**EXERCISE**:
A verbatim restatement of the data, free of pictures, is what you should output.

(Caption-style text data)
----------

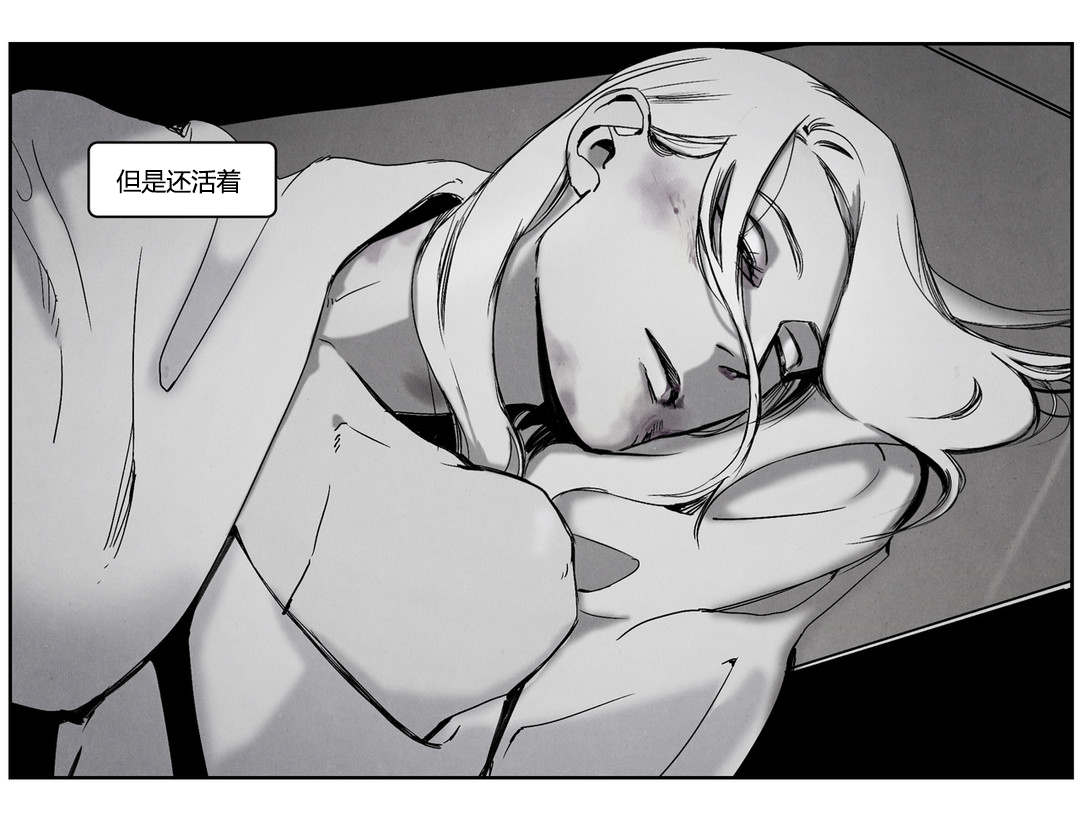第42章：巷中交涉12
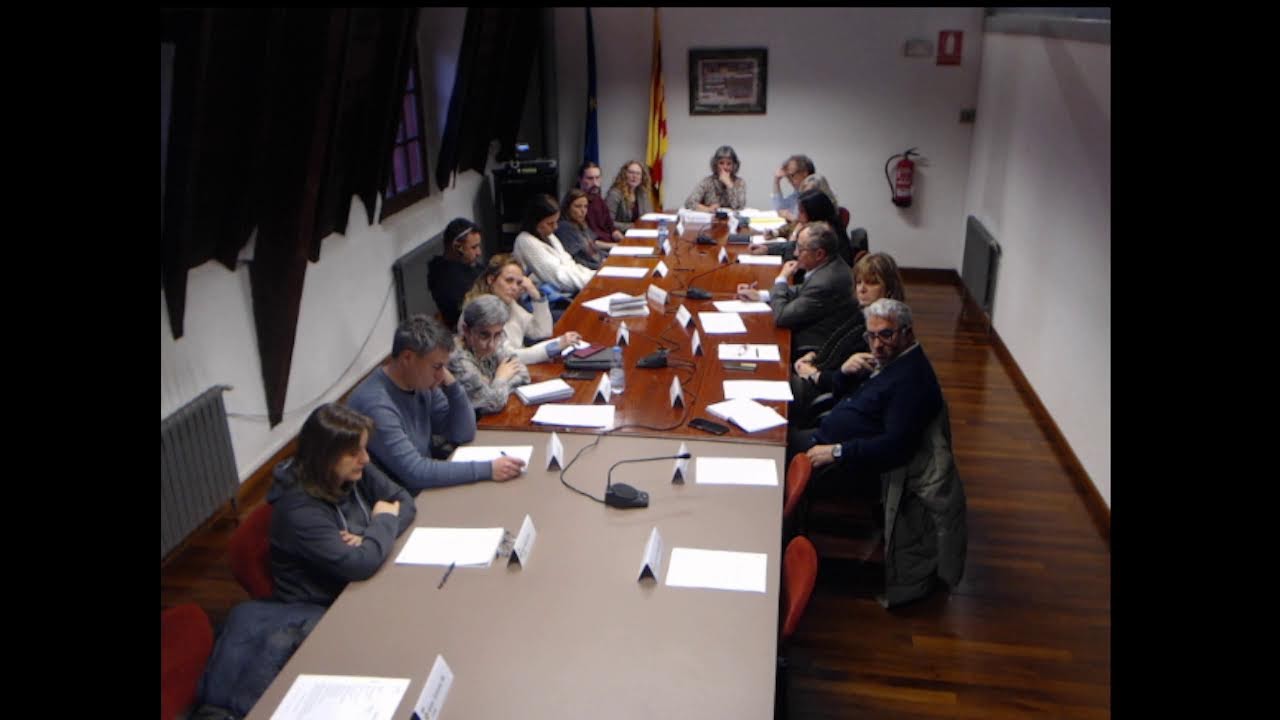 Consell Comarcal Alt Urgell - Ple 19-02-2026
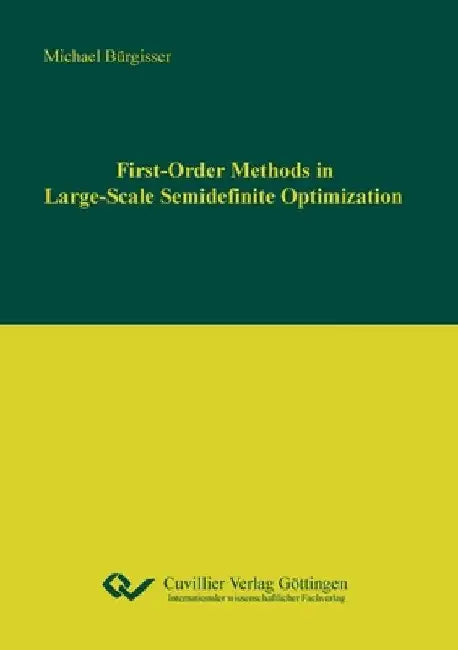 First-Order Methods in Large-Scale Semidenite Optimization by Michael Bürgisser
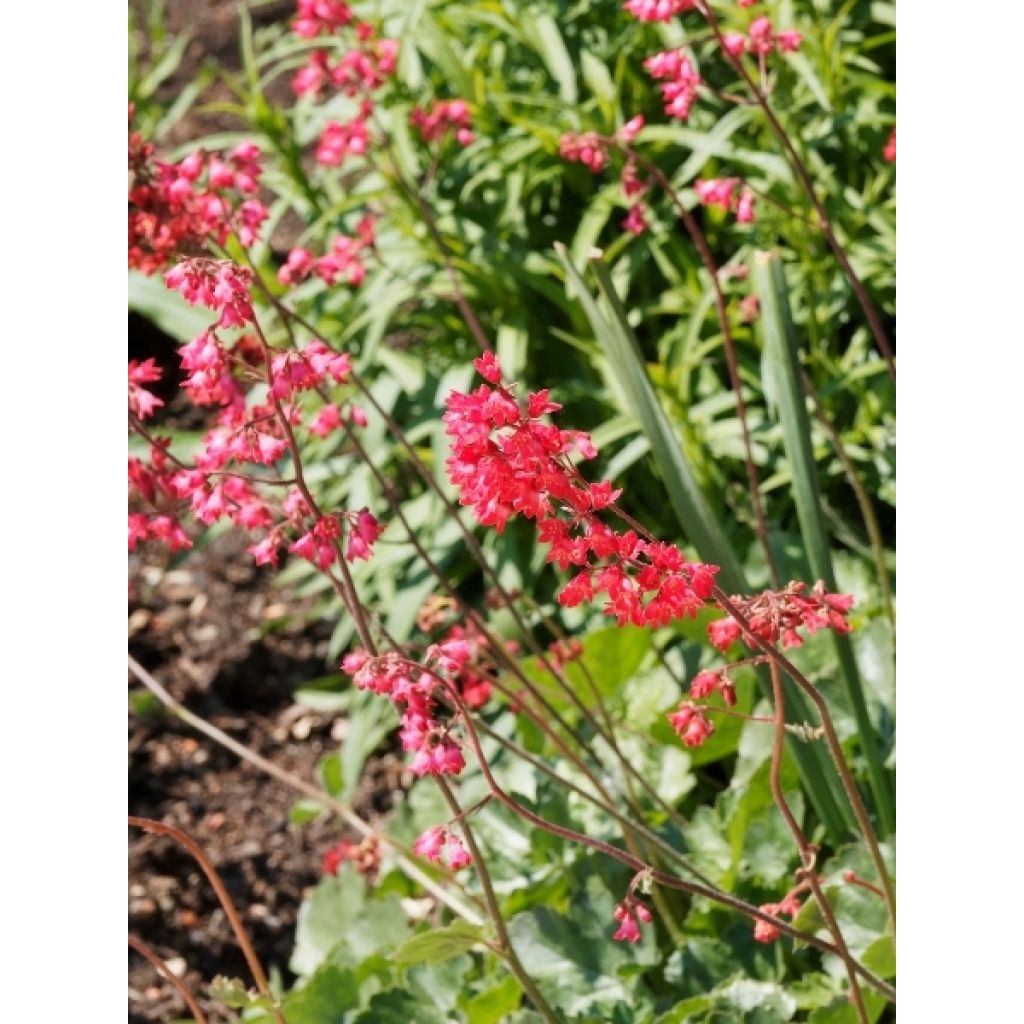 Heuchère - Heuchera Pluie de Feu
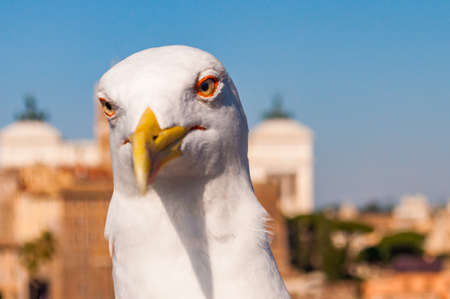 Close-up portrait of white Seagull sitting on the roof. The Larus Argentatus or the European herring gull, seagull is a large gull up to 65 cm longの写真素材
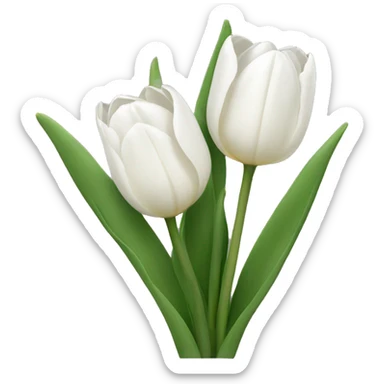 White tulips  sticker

----------

**OUTPUT OF THE EXERCISE**:
第42章：巷中交涉12
 Consell Comarcal Alt Urgell - Ple 19-02-2026
 First-Order Methods in Large-Scale Semidenite Optimization by Michael Bürgisser
 Heuchère - Heuchera Pluie de Feu
 Close-up portrait of white Seagull sitting on the roof. The Larus Argentatus or the European herring gull, seagull is a large gull up to 65 cm longの写真素材
 White tulips  sticker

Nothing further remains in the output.